* **Goal of the exercise**: Output range, inclusive: from the line containing "Lada (ВАЗ) Kalina" to the line containing "Oficina en venta · Belgrano, CABA". Restate those lines from the data below word for word and only those.

* **Exercise input**:

____________

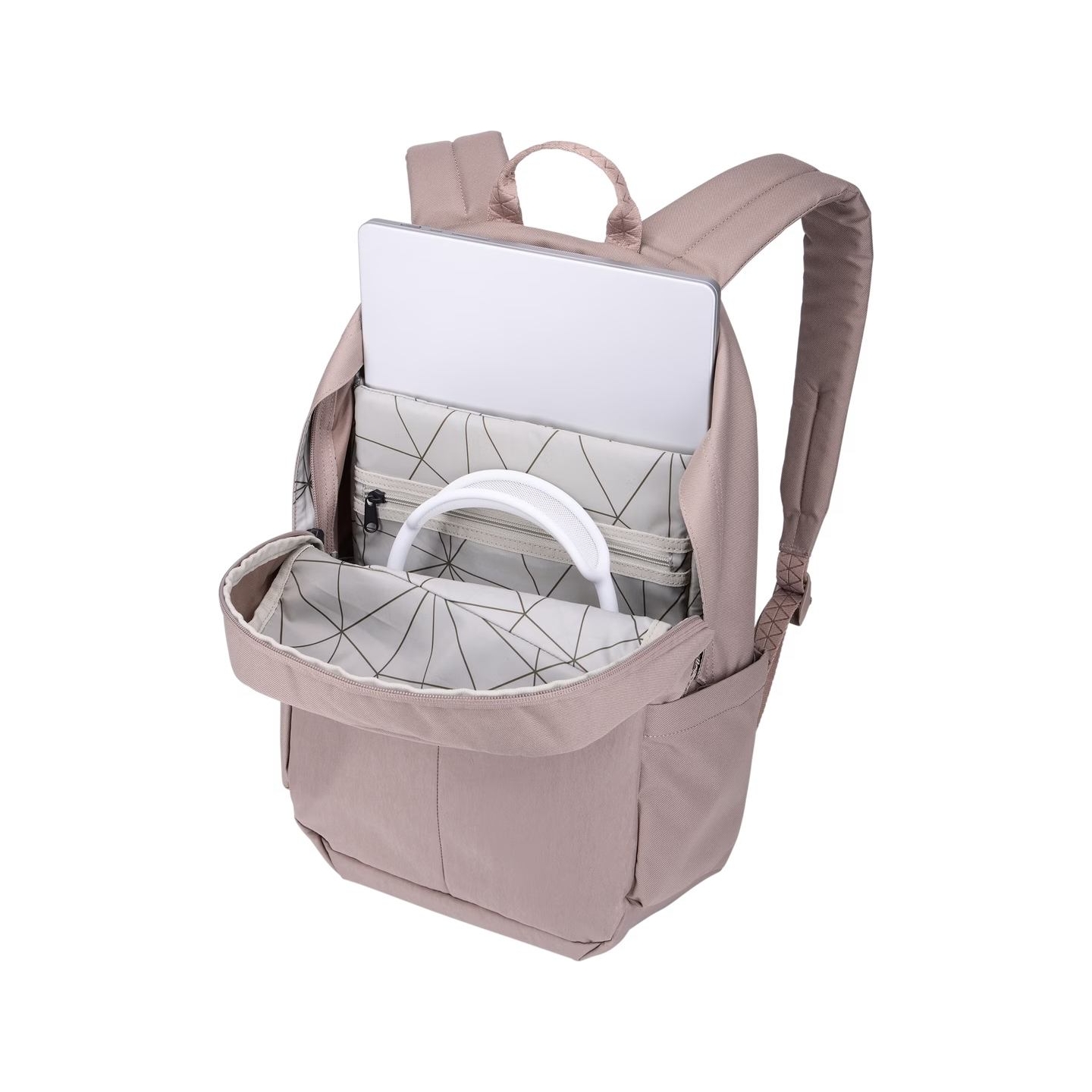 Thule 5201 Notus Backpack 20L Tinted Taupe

____________

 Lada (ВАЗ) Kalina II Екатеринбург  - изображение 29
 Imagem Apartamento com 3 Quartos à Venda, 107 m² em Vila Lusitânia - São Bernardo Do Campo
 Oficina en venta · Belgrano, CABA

____________

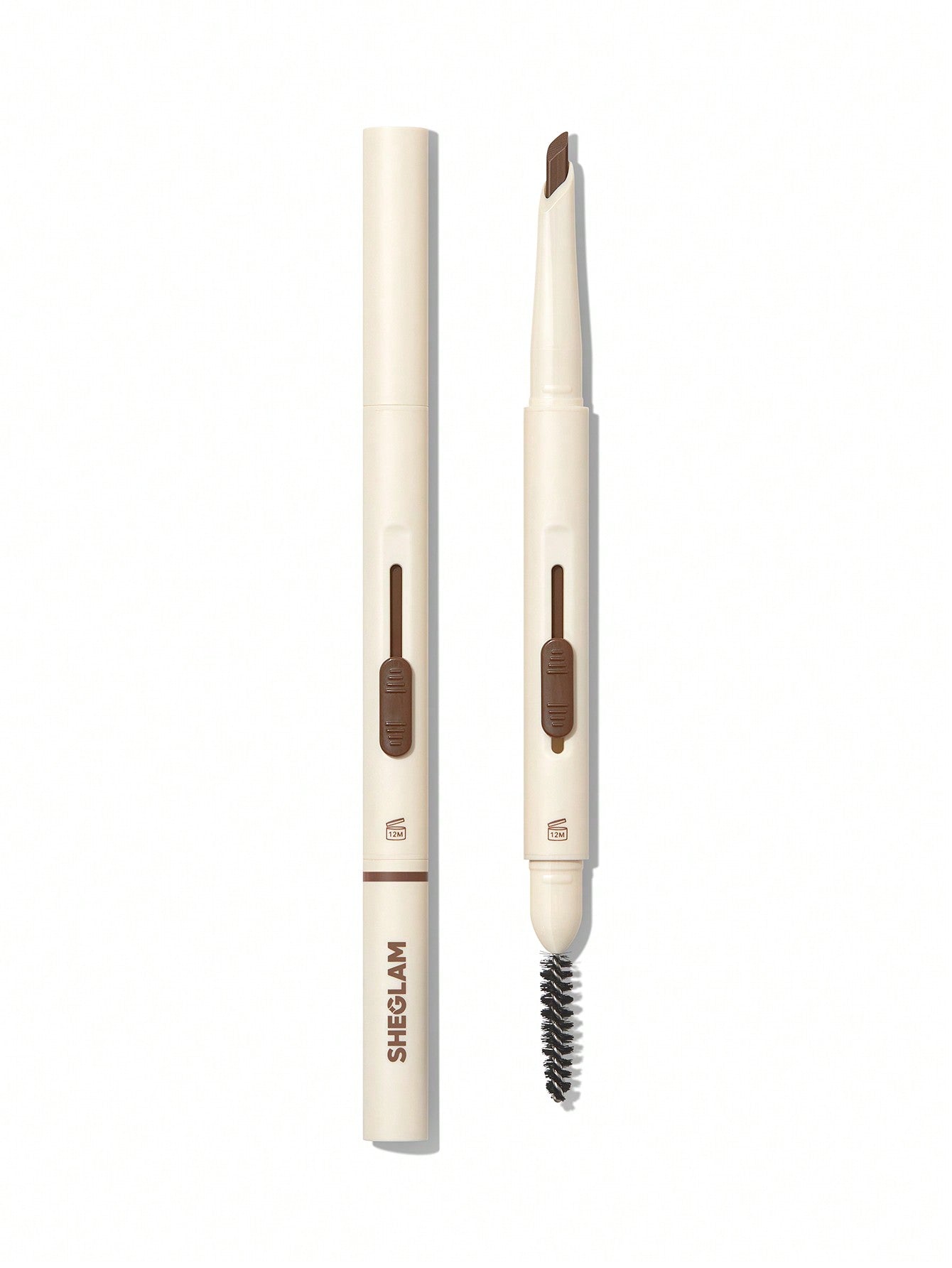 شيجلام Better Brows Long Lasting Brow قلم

____________

* **Completed task**:
 Lada (ВАЗ) Kalina II Екатеринбург  - изображение 29
 Imagem Apartamento com 3 Quartos à Venda, 107 m² em Vila Lusitânia - São Bernardo Do Campo
 Oficina en venta · Belgrano, CABA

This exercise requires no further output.